◆ Exercise aim ◆
In the material below, pictures must be dropped. Repeat exactly, and only, the lines from the line with "Memory Foam Cervical" to the line with "SETUP7【WOMEN】 | 詳細画像66", both ends included.

◆ Material provided ◆
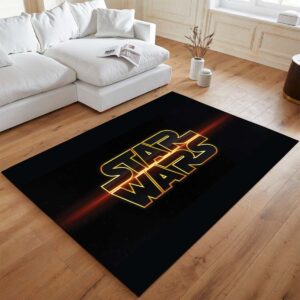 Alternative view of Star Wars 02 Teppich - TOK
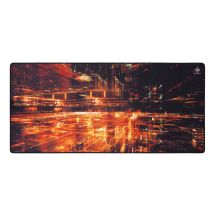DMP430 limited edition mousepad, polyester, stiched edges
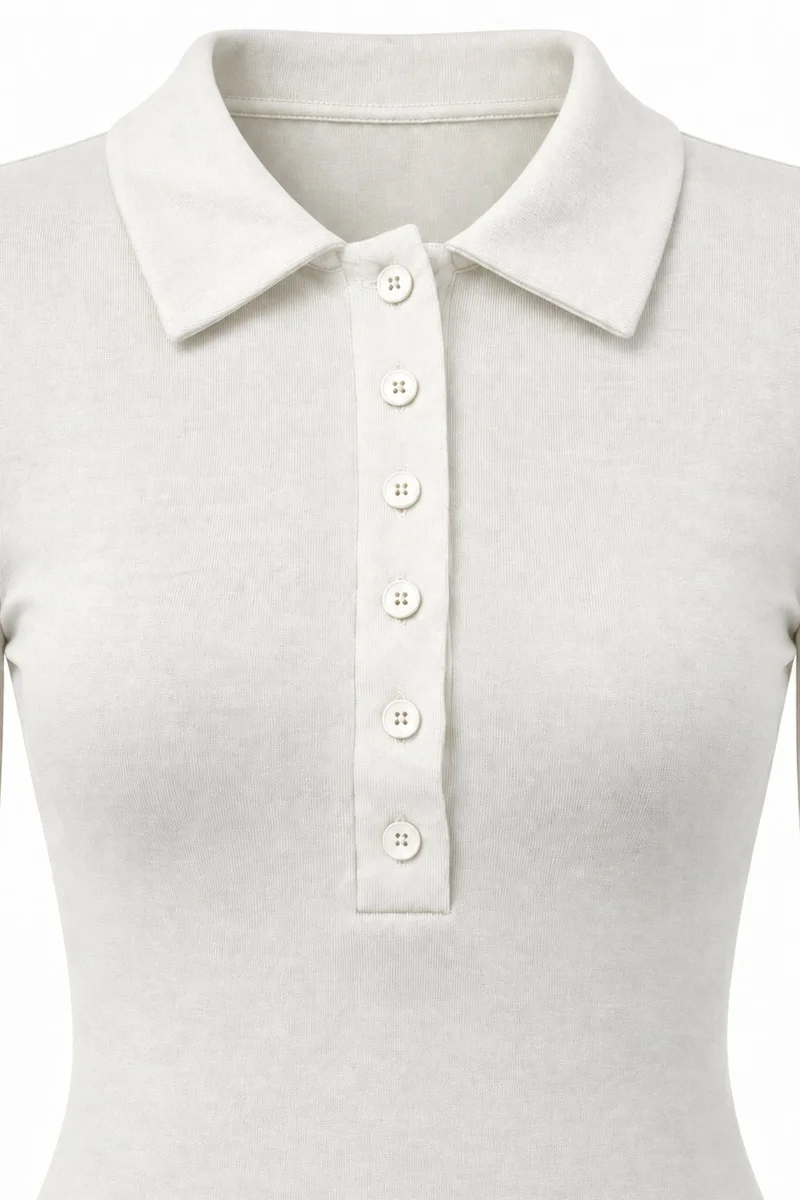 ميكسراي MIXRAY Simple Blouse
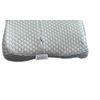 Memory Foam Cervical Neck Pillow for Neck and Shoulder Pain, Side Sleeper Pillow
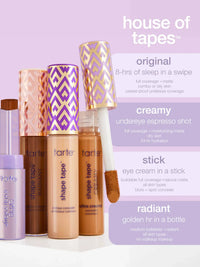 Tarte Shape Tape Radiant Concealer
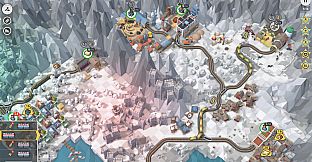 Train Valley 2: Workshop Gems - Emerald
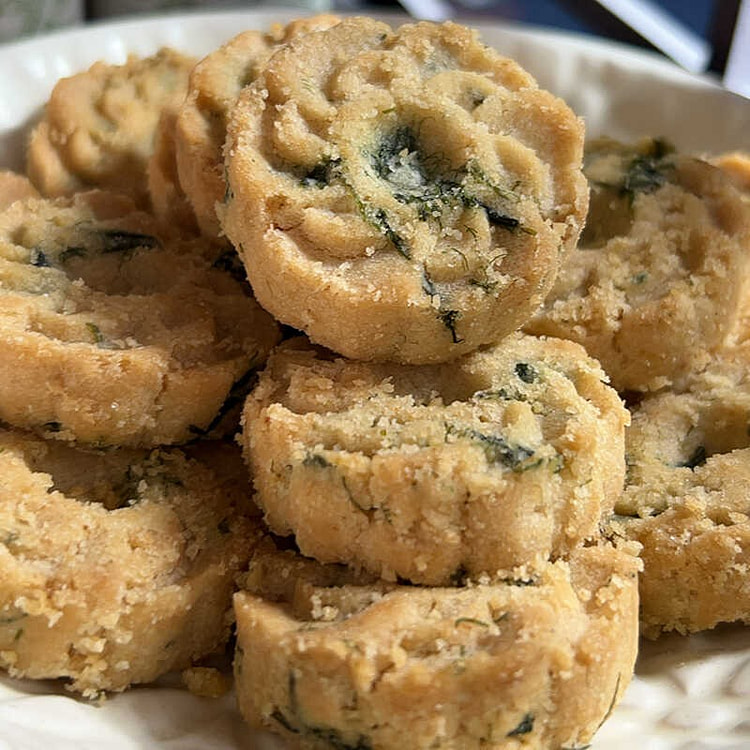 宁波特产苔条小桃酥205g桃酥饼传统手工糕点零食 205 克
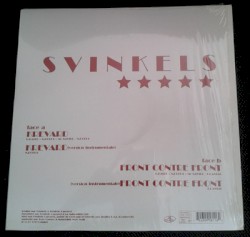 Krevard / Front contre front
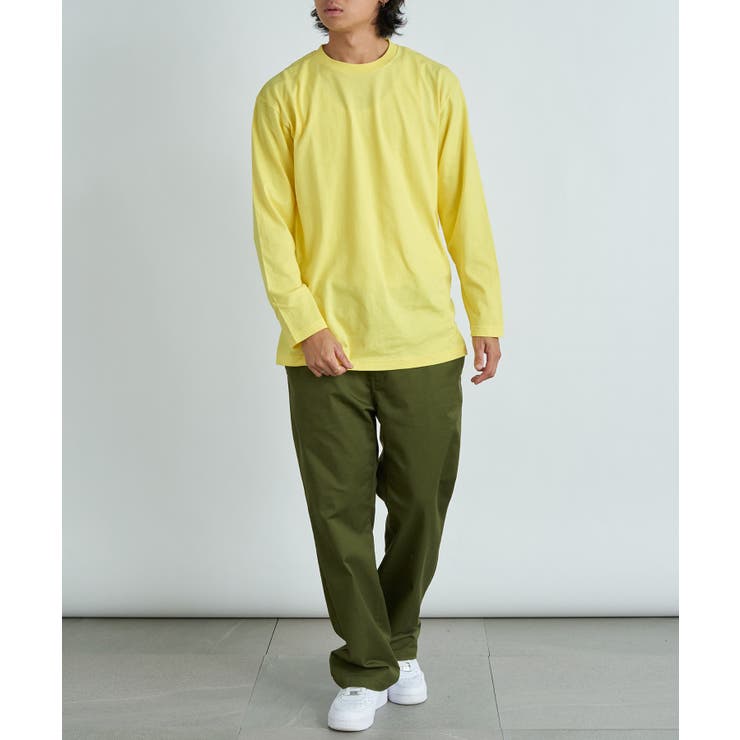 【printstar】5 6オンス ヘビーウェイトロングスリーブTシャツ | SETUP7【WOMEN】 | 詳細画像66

==

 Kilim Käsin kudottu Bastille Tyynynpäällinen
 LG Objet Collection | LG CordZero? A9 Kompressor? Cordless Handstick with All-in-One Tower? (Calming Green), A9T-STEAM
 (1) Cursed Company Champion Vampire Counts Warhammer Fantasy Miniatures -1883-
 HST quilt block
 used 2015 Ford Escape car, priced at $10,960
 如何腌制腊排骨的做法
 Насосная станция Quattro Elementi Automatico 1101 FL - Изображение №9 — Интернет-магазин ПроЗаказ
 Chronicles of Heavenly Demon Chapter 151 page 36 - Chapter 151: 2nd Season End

◆ Response to this task ◆
 Memory Foam Cervical Neck Pillow for Neck and Shoulder Pain, Side Sleeper Pillow
 Tarte Shape Tape Radiant Concealer
 Train Valley 2: Workshop Gems - Emerald
 宁波特产苔条小桃酥205g桃酥饼传统手工糕点零食 205 克
 Krevard / Front contre front
 【printstar】5 6オンス ヘビーウェイトロングスリーブTシャツ | SETUP7【WOMEN】 | 詳細画像66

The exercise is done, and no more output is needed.